Still, it beggars belief that the same chief justice who stood by silently at Trump’s direct attacks at federal judge after federal judge, and hit snooze last week at presidential attacks on Ruth Bader Ginsburg and Sonia Sotomayor and on Amy Berman Jackson as she is poised to sentence Roger Stone, is going to fire up the creaky old Supreme Court teletype machine to rebuke Chuck Schumer for saying the same thing Brett Kavanaugh said a little more than a year ago.

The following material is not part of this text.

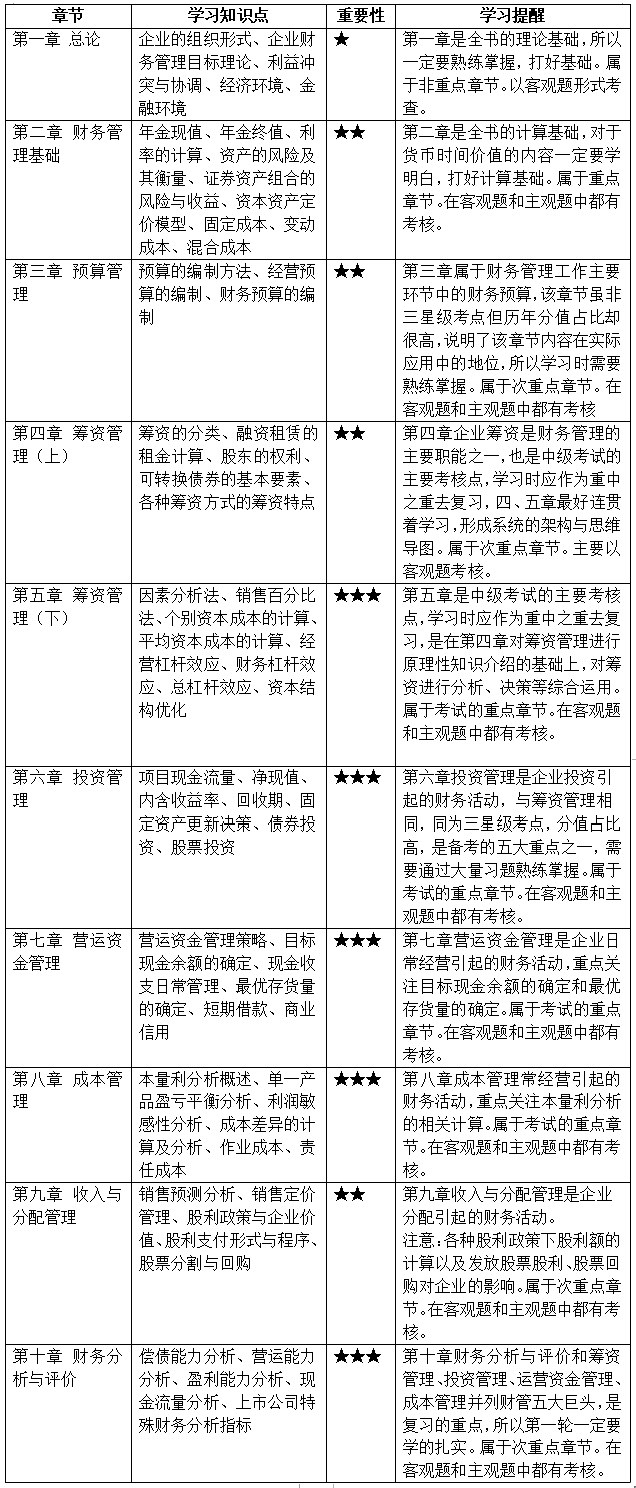 @首次备考中级会计考生 带你探秘中级会计职称3科难易度排行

Maybe the whole threat of whirlwinds is somehow less threatening when it’s coming from a federal judge and directed at Senate Democrats than it is in a speech coming from a Senate Democrat directed at federal judges. Or maybe a threatening speech from a judge is somehow less threatening after he wins lifetime tenure? Anyone else in America could be forgiven for not recognizing that Kavanaugh’s threats in 2018 were almost word for word repeated by Schumer on Wednesday. But for a chief justice who prides himself on minimalism, humility, and a robust grasp of both history and the long game, the choice to rebuke only one judicial critic in this context puts the lie to the whole project of soaring neutrality and the grim calling of pitches. Threats are threats, whirlwinds are whirlwinds, and judges remain in daily fear of public revolt. All of them, male and female, district court, and the guy who sits next to you. Singling out only the threats that happen on your front steps doesn’t make you neutral—it makes you parochial, and in the worst possible way.
It’s obviously no coincidence that he’s particularly touchy about what Democrats are going to say as he begins to gut Roe. Some whirlwinds are going to happen whether you want them or not.